J’étais en train de travailler dans ma ferme, là, quand j’ai entendu « ssssshhh », le son d’un missile. Puis l’explosion. Je suis allé voir et j’ai vu une voiture explosée sur la route. Des gens se sont rassemblés, et on est allé porter secours pour emmener les victimes à l’hôpital. Un homme a été gravement blessé, je pense que sa jambe était pratiquement coupée. Sa femme, ça va, elle a pu nous aider à le porter….

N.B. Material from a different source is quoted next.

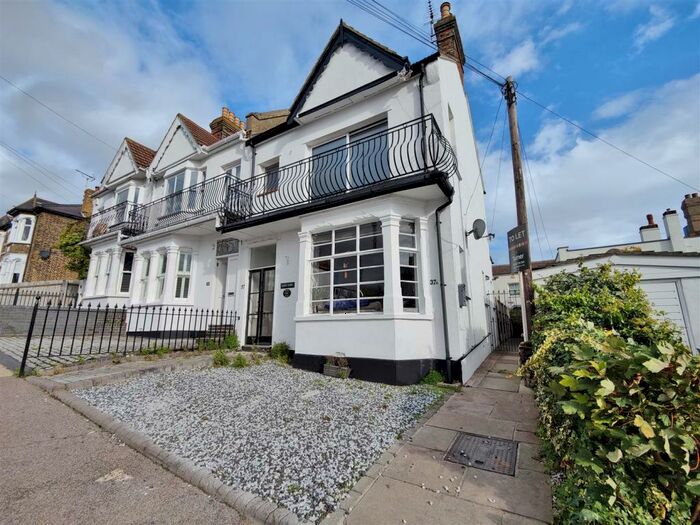 1 Bedroom Flat To Rent In Victoria Road, Leigh-On-Sea, SS9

Ecoutez le reportage sur une route fréquentée entre Qamichli et Hassake, avec la participation de Jiwan Mirzo

Pourquoi cette opération turque ?

L’élément déclencheur de l’opération militaire de la Turquie sur le nord syrien a été l’attentat d’Istanbul du 13 novembre qui a fait six morts et qui a été attribué aux Kurdes, ce qu’ils démentent. Il y a donc des raisons sécuritaires.

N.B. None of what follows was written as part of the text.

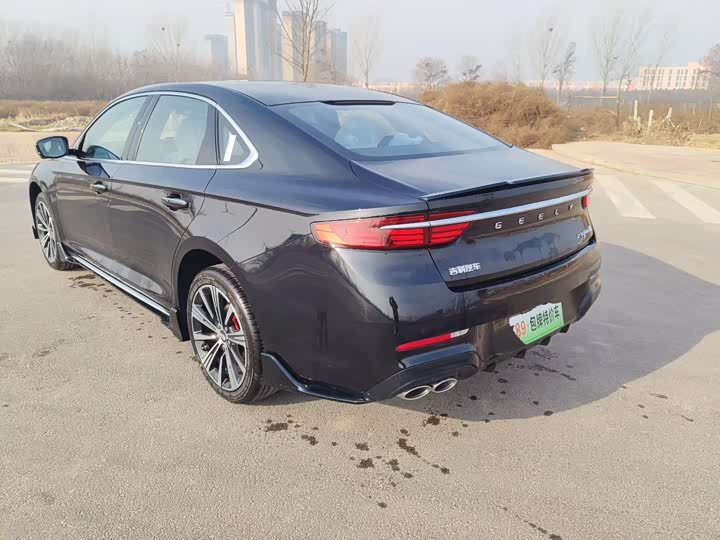 Фото 7 - Geely Preface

Mais il y a aussi des raisons plus politiques. Le président Erdogan est en campagne électorale, il joue sur la corde nationaliste. Se débarrasser « des ennemis kurdes », dans le nord-est syrien, pour y reloger des réfugiés syriens qui sont très nombreux sur le territoire turc, près de 4 millions, pourrait être un argument payant. C’est en tout cas l’analyse que livrent des responsables politiques et militaires kurdes ici.

 

Vers une offensive terrestre ?

Pour l’instant ce n’est pas le cas, Erdogan a même menacé d’une offensive terrestre. En revanche il y a une autre source d’inquiétude : c’est un rapprochement possible entre la Turquie et le régime syrien de Bachar el-Assad. Il y a eu des discussions de haut niveau récemment entre les deux parties « qui ont en commun de détester les Kurdes ». « Notre projet démocratique déplaît à ces dictateurs », aiment répéter les responsables kurdes que nous avons rencontrés.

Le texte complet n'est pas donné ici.